The Concept 2 Rower – Better Look at Its Unique Features

The Concept 2 Rower – Better Look at Its Unique Features

Article by Laura Diamond

During the early 1980s, the Concept 2 rowers made their introduction to the world. The snowfall in Vermont, where Concept 2 rowing machines are mass-produced, pushed this company to set out in producing them in response to the harsh elements. The main goal is to make it possible to exercise, or train, indoors if the rivers were all frozen and iced over. Another important concern was the desire to create the very best using the highest standards for design and materials. I have the unique position to write about this since I have owned a Concept 2 for about 10 years. So I’ll talk more about some particulars in this review of Concept 2 rowing workout machines.

The choices are pretty straightforward, you can get the Model D or the Model E. If you wish to spend less, then the Model D is the model you want to get. Each rower generally comes with a performance monitor of which there are two types, the PM3 and PM4. The Model D is shipped with a PM3, however you can change that to a PM4 at additional cost. The other option, which is costlier, is the E rowing machine with the PM4 monitoring device. You can expect to spend up to 0 more with the Model E rowing machine, and the Model D has two different prices for the upgrades.

You will be able to check how well you are doing with the performance monitors as well as monitoring your pulse rate. Your pulse rate is monitored by a device that you strap across your chest. You may think heart rate monitor will be noticeable and make you incomfortable, but that isn’t true. I can tell you from my own experience that you won’t notice it’s there while you are rowing. There are no wires either because the info is transmitted to the monitoring device.

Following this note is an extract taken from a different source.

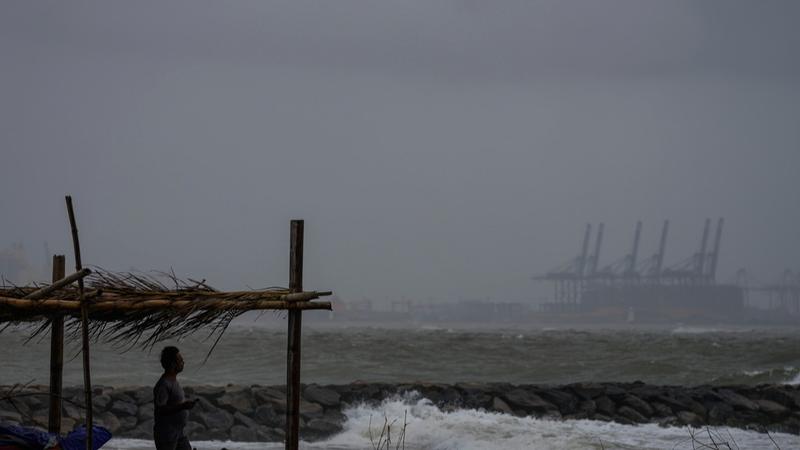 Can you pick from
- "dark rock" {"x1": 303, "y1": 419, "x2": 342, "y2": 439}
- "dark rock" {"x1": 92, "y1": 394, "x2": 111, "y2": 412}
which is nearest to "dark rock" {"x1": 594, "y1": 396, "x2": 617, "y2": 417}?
"dark rock" {"x1": 303, "y1": 419, "x2": 342, "y2": 439}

The Concept 2 design uses a flywheel assembly that you will use to create the resistance and make you feel that you are rowing on water. The flywheel is enclosed in a suitably designed housing for safety intents. You can adjust the amount of resistance with a small lever found on the flywheel housing. There are also no concerns with noise because the overall rower is virtually silent during rowing. Since the flywheel is very much like a fan, obviously you will pick up a gentle swirling sound. But it is much softer than any fan because you will not be producing the same amount of RPM’s as an electrical fan. Unless someone in the other room is an extremely light sleeper, you won’t have to worry about stirring up other people.

You can pick out the type of performance metrics that suit you the best from a user-friendly menu on either the PM3 or PM4. Among the available performance metrics include total rowing time, total distance rowed, 500 meter split times and strokes per minute. Your personal needs will help you in determining what you want to keep track of and what is not so essential. This mainly depends on whether you are rowing for general fitness, or if you participate in rowing contests and what level you enter in.